Fail to get anticompetitive tax into Senate bill

Delta planes sit on the tarmac at LaGuardia Airport
Delta planes sit on the tarmac at LaGuardia Airport / Getty Images
December 5, 2017

A powerful public relations firm run by former Obama aides is running a campaign against open skies agreements, which have brought greater competition and lower airfares for Americans.

The firm SKDKnickerbocker, run by former Obama White House communications aides Anita Dunn and Bill Burton, is working on behalf of legacy carriers Delta, American, and United Airlines. SKDKnickerbocker is one of several Democratic lobbying firms representing the Partnership for Open and Fair Skies, which for over two years has asked the federal government to freeze new routes of its competitors and limit open skies agreements with Qatar and UAE.

A lobbying effort tried but failed to insert a provision in the final Senate tax cut bill that would have taxed Gulf carriers, opening the door for reciprocal taxes against U.S. airlines and cargo carriers, opponents of the tax said.

The legacy carriers—Delta, American, and United—have spent millions lobbying both the past and present administration to restrict the open skies agreements with Qatar Airways, Emirates Airline, and Etihad Airways. They say the Gulf carriers are unfairly subsidized, allowing for artificially low ticket prices.

However, the legacy carriers have never filed an official complaint with the Department of Transportation, which could assess potential violations through an independent 180-day review of the existing open skies agreements.

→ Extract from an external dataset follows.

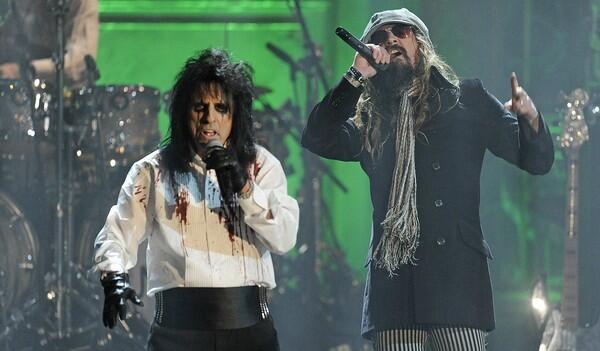 Alice Cooper, left, and Rob Zombie perform at the Rock and Roll Hall of Fame induction ceremony, held at New York's Waldorf Astoria Hotel. Zombie was also the one to officially induct the band Alice Cooper into the Rock Hall.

Eliminating government regulation over international air travel through open skies agreements have generated at least $4 billion in annual gains to travelers, according to a study by the Brookings Institution.

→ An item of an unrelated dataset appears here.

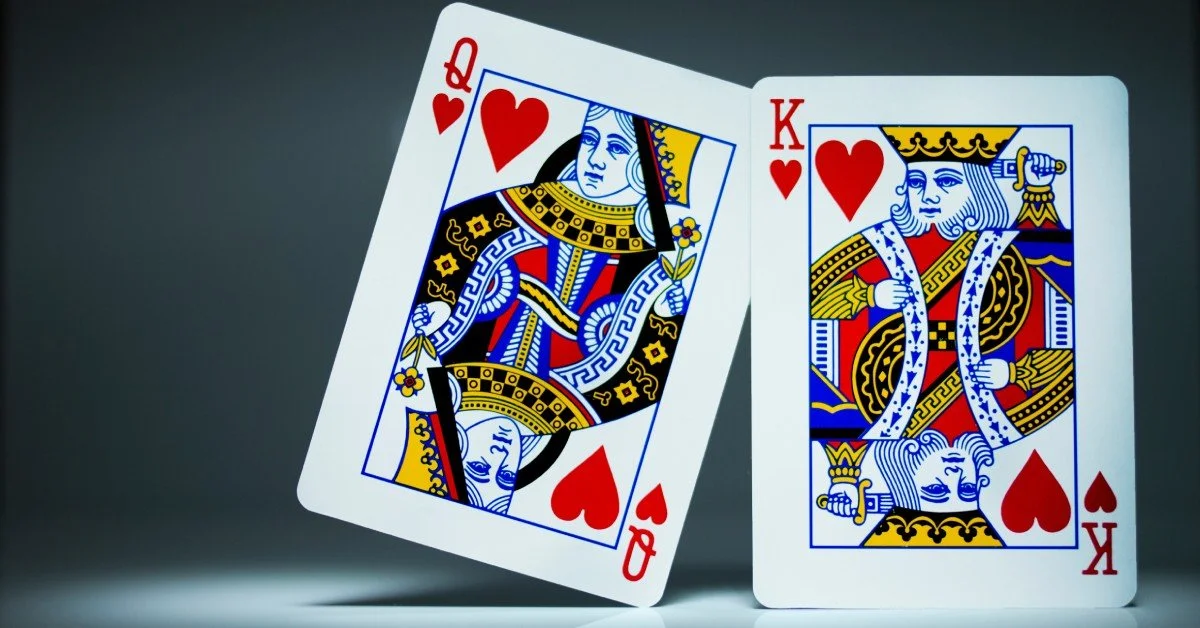 A queen of hearts card is tilted to lean against a king of hearts card. The cards are well-lit before a dark background.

The partnership has "spent lavishly" against open skies agreements, hiring several Democratic firms, including $1.7 million with SKDKnicerkbocker, and other firms run by former Obama and Hillary Clinton aides. The Partnership for Open and Fair Skies also paid Beacon Global Strategies, led by Clinton alum Philippe Reines, $280,000, and $620,000 to the Messina Group, founded by Jim Messina, Obama's 2012 campaign manager.

Its spokesperson is SKDKnickerbocker's Jill Zuckman, also a former official in the Obama Department of Transportation. The CEO of American Airlines Doug Parker donated $15,000 to Clinton's campaign, and former Delta CEO Richard Anderson contributed $353,400 to a pro-Hillary Clinton Super PAC and $33,400 to the Democratic National Committee last year.

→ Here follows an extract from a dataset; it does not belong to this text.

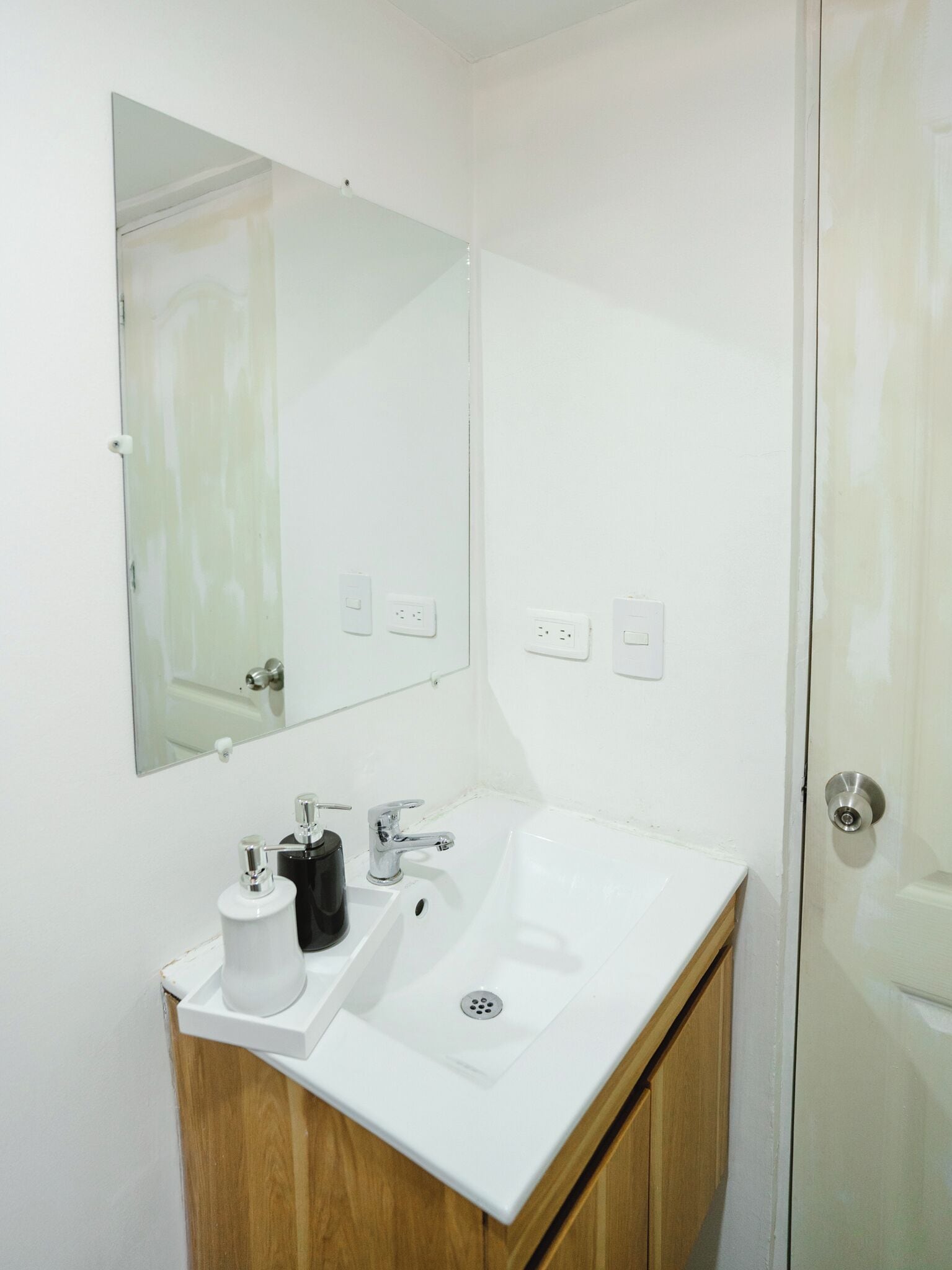A bathroom with a white sink, two faucets, a mirror, and a toilet paper holder.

Anita Dunn, the former Obama White House communications director, and Bill Burton, a longtime Obama aide, are both managing directors at SKDKnickerbocker. A private-equity firm controlled by Mark Penn, the chief strategist for Hillary Clinton's failed 2008 campaign, purchased SKDKnickerbocker in 2015.

After failing to convince the government to reopen the open skies agreements, lobbyists tried to use a signature piece of Republican legislation as a vehicle to benefit legacy carriers. A provision was added into the Senate tax reform bill targeting Gulf carriers with a $200 million tax over a decade.

A coalition of U.S. passenger and cargo carriers that supports open skies agreements said the tax meant to target the big three Gulf carriers would have unintentionally hit up to 14 other countries and led to retaliatory taxes on U.S. companies.

"This is another poorly veiled attempt by Delta to shield itself from competition and circumvent the established Department of Transportation process to review legitimate subsidy claims," said Andrea Christianson, spokesperson for U.S. Airlines for Open Skies, which represents Atlas Air Worldwide, FedEx, Hawaiian Airlines, and JetBlue Airways.

"This special interest ploy was designed to hurt the Gulf carriers but would actually impact airlines from as many as 14 countries and territories, such as Jordan, Ethiopia, and Malaysia," she said. "In addition, the provision opens the door to retaliatory taxes that would harm U.S. airlines, particularly U.S. cargo carriers."

"Delta appears unconcerned about the collateral damage of its multimillion-dollar lobbying campaign, but Congress should be," Christianson added.

The provision was ultimately removed before the Senate voted to approve the tax cut bill by a 51-49 vote early Saturday morning.

Reached by email, Zuckman said the Partnership for Open and Fair Skies would not be commenting on the tax provision.

Scott Reed, a Republican strategist, is lobbying on behalf of the Partnership for Open and Fair Skies. CRC Public Relations is also promoting the effort.


"We're happy to be a part of a bi-partisan group of Republicans and Democrats who are dedicated to seeing our Open Skies agreements enforced," said CRC President Greg Mueller. "The United States cannot stand idly by as foreign governments pour billions in subsidies into their national airlines in violation of existing trade agreements. This distorts the market and costs American jobs, something that should be odious to all citizens of our country."

Update Dec. 6, 2017, 2:28 p.m.: This post has been updated to clarify certain information.